Gallery: Snapper Rocks Super Session, March 4, 2014
A Divine Comedy
On the afternoon of Tuesday March 4, the Roxy Pro ran the four heats of Round Four in what will rival only last year's day at Bells as the greatest day in the history of women's surfing. To put it bluntly, it was pumping. Courtney Conlogue scored what's probably the best barrel any female has ridden at a World Tour event. Carissa Moore put on a show that commentator Ronnie Blakey described as, "The best ever performance in a heat from a female." And as the heats ticked by, and perfect wave after perfect wave drained down the superbank (many unridden), the shoreline and jump rock began to dot with surfers at the ready. Then, with ten seconds still remaining in the final heat of the day, the horde could wait no longer and a crowd enveloped the line-up before the heat buzzer had made its sound.
“Oh my god… That’s absurd…” said Ross Williams over the commentary at the sight of it. "Insta-crowd," exclaimed Pat Parnell. What followed was one of the most ridiculously, crowded and talented line-ups in the history of the superbank.
In his column yesterday, Sean Doherty wrote of the session:
But this thing of great beauty was immediately supplanted by a shitfight of colossal scale once the last hooter sounded. The dolphins quickly turned into sharks. The closing hour of light at Snapper Rocks yesterday, when the gates were opened and the freesurfers of every denomination, colour and creed poured into the lineup, became a feeding frenzy. If you had a door clicker you wouldn’t have counted all the heads bobbing up and down the bank between Snapper and Greenmount, as most door clickers stop at 999. The surf was smoking and the fadings merciless. Kelly got faded, Mick got faded and almost had his head liberated from his shoulders. The guys being faded then faded back. People had to come and dig Rabbit Bartholomew out of the sandbank later at low tide after one collision. The smitings were biblically awful, a collective madness drifted across the lineup like a red fog, and the wounded hobbled up the beach to awaiting meat wagons.
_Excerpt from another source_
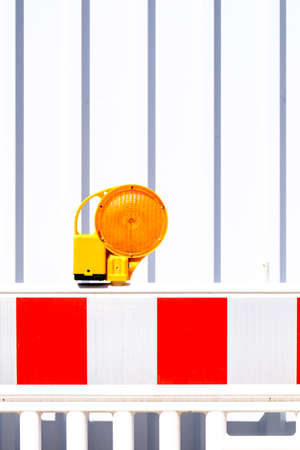 modern security barrier at a construction siteの写真素材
The sun mercifully set, but even in the dark three white trails could be seen following each other across a wave like comets on a black wave face."
Forecaster's note: An active monsoon trough and a large high pressure system over the Tasman Sea set up a consistent run of short range ESE tradewind swell that maintained good size this week; culminating in epic conditions for the Roxy Pro on Tuesday and early Wednesday.